* **MATERIAL FOR THIS EXERCISE**
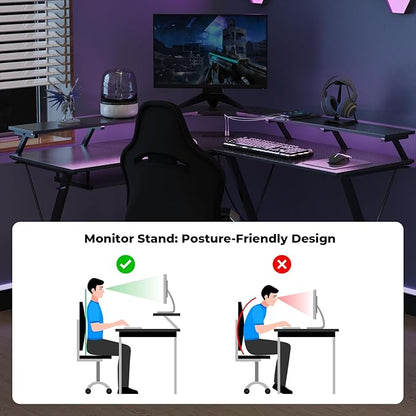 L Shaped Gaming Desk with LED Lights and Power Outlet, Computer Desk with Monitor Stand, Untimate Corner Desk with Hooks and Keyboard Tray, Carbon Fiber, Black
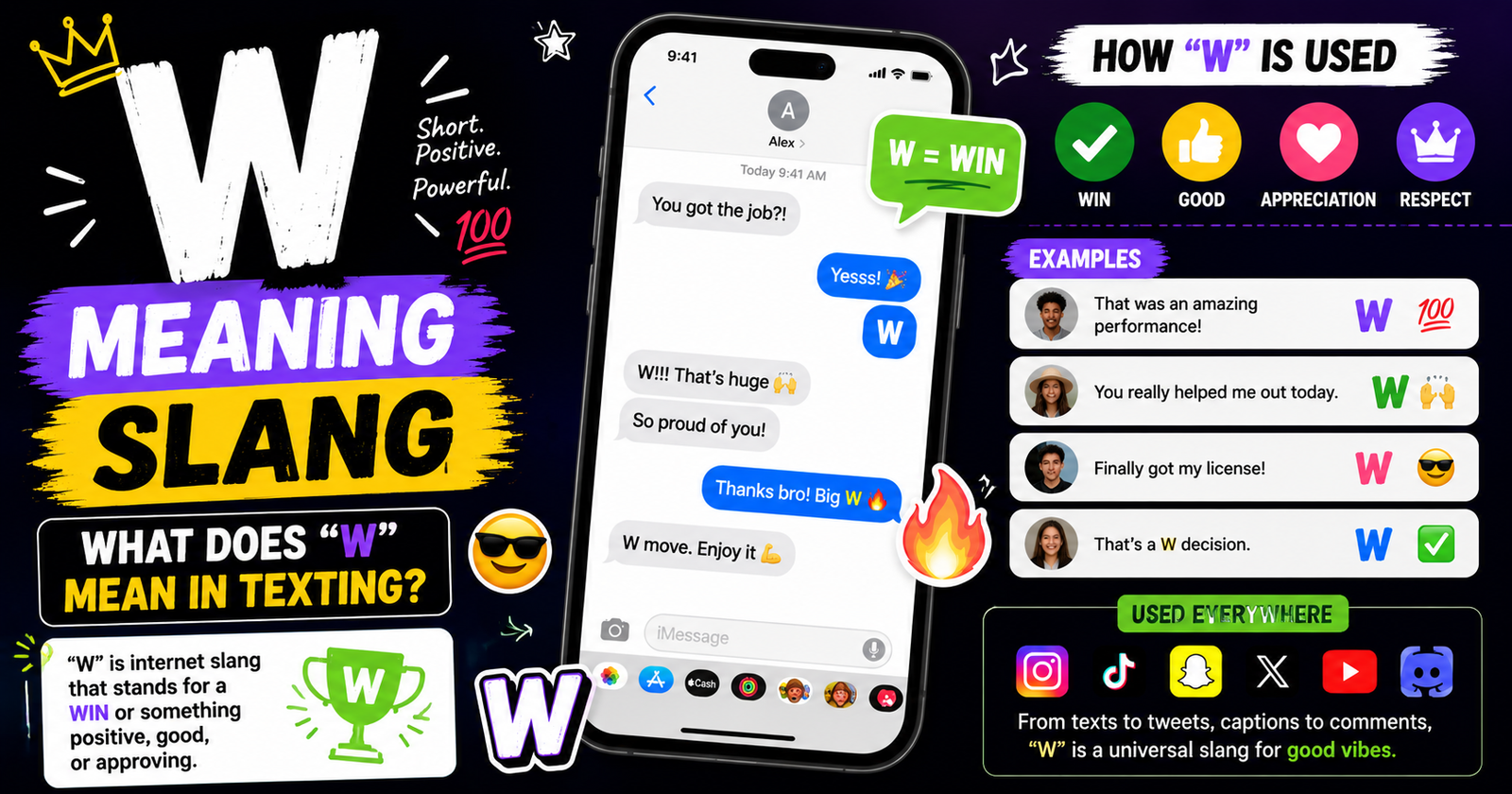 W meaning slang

---

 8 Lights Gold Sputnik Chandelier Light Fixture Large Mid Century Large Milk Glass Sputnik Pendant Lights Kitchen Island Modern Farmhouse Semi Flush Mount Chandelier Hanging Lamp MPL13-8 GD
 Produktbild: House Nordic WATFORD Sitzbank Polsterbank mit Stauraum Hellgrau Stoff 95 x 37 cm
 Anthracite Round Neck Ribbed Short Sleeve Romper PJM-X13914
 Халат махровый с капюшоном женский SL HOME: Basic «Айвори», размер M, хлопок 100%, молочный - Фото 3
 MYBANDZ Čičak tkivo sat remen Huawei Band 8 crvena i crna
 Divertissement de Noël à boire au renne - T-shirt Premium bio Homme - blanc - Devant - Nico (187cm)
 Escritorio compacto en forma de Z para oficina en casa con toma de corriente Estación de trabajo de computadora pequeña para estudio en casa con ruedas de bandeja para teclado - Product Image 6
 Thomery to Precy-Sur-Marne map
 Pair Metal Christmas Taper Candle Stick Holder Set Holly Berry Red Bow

* **PROBLEM TO SOLVE**
When you reach the line with "Escritorio compacto en" in the records above, start writing out lines exactly, and stop once the line with "Pair Metal Christmas" has been written; include nothing else.

* **SOLVED EXERCISE**
 Escritorio compacto en forma de Z para oficina en casa con toma de corriente Estación de trabajo de computadora pequeña para estudio en casa con ruedas de bandeja para teclado - Product Image 6
 Thomery to Precy-Sur-Marne map
 Pair Metal Christmas Taper Candle Stick Holder Set Holly Berry Red Bow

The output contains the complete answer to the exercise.